From April through June, the Dow Jones Industrial Average and S&P 500 ticked up by roughly 0.5% and 3%, respectively, while the NASDAQ clocked in at a formidable 6.2%. While healthy in and of itself, the drama that punctuated this growth—particularly in the wake of the president’s late May tariff policies—confirmed the “volatility vortex” cited by prominent onlookers at the year’s outset. Perhaps more vexingly, and as the numbers suggest, first-tier gains appear to be clustering into fewer and fewer assets, with a disproportionate emphasis on the technology sector’s “FAANG” stocks (Facebook, Amazon, Apple, Netflix, Google).
In other words, folks are more finicky about when and where they’ll get in the water. As the Wall Street Journal recently noted, this makes for a higher risk profile within the traditionally “defensive” S&P 500, with herds of investors piling into a select few stocks upon which the broader market’s fate increasingly rests. What might happen, the common worry goes, when Facebook finally turns in a dud quarter?

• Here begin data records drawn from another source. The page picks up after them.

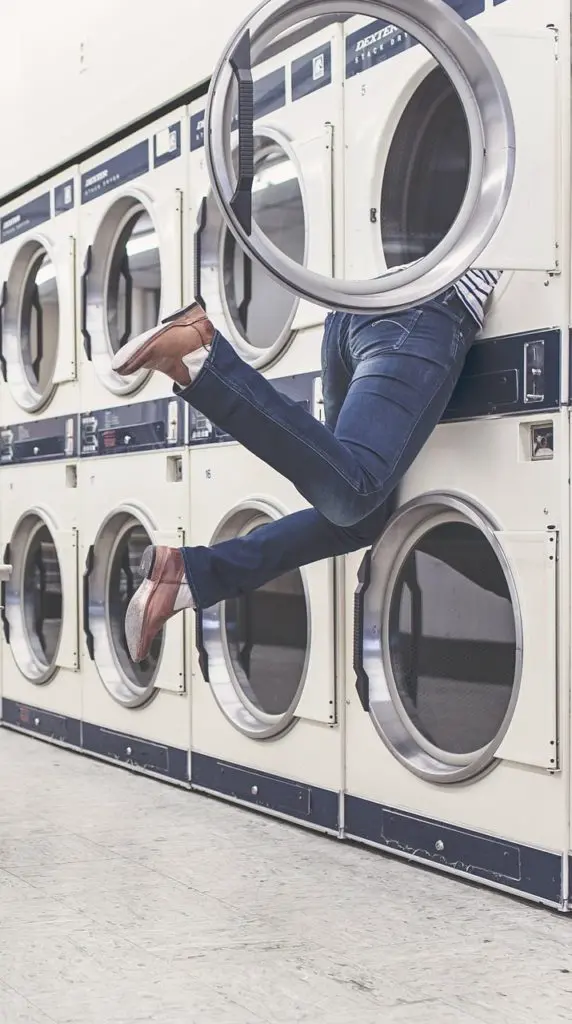 Humorous image of a woman stuck in the washing machine, her legs only out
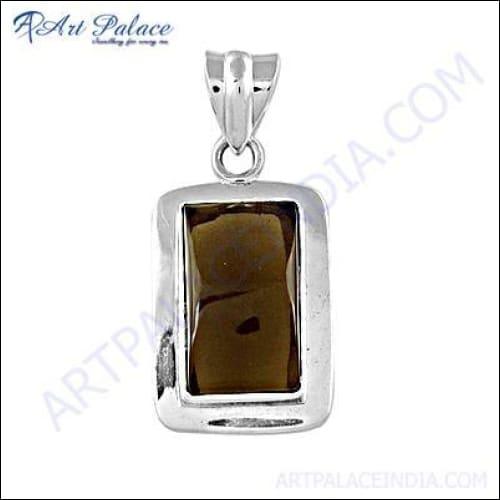 A beautifully handcrafted silver pendant featuring a smokey quartz gemstone, showcasing intricate detailing and elegant design.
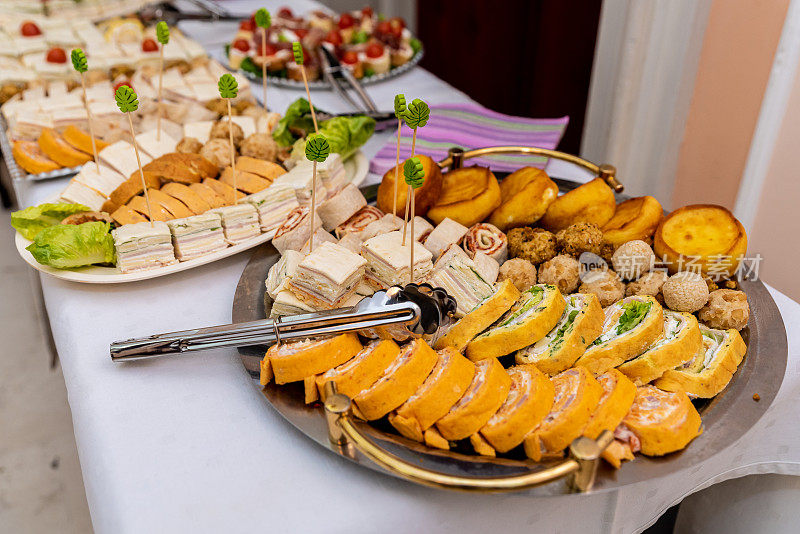 Beautiful Various delicious canapés served in a plate on the table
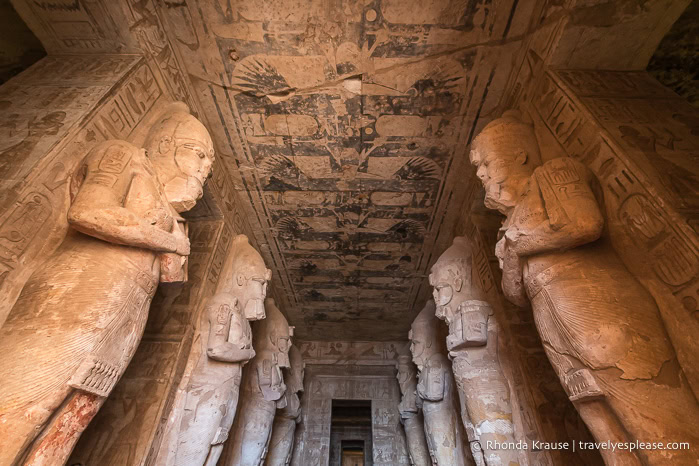 Statues of Ramesses II lining the hypostyle hall inside the Great Temple at Abu Simbel.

In times like these, the benefits of a time-tested, “all weather” investment strategy are thrown into sharpest relief. With many participants continuing to simultaneously crowd into and fret over the same few shares, our team is able to focus on relatively non-correlated opportunities that the herd has ignored. Indeed, in these languid summer weeks, when shifts in seasonal business overlap with a general slowdown in market participation, the disciplined value investor may be rewarded merely by digging where others are not. Conversely, through adherence to bottoms-up fundamental analysis, we’re uniquely positioned to avoid the market’s ticking time-bombs, from the high-flyers overdue for a tumble and the broad indices they may drag down, to the (in our view) significant number of firms milking Trump’s tax cuts to effect inorganic growth.
Of course, there’s no guarantee that the FAANG gang won’t continue to pull most of the market’s weight, rendering those who bothered to look elsewhere foolish in hindsight. But from a historical perspective—on this score, the “dot-com” collapse that put an emphatic end to the 90’s bull market comes to mind—we are instructed by the principle that while hot sectors come and go, the cornerstone principles of sound investment remain fixed. So whether the whitecaps subside or turn to gale waves in the back half of 2018, you can be rest assured that we’ll continue to diligently navigate the market in pursuit of your interests, applying the same free-thinking, steady-handed approach that has kept our clients in good stead since 1995.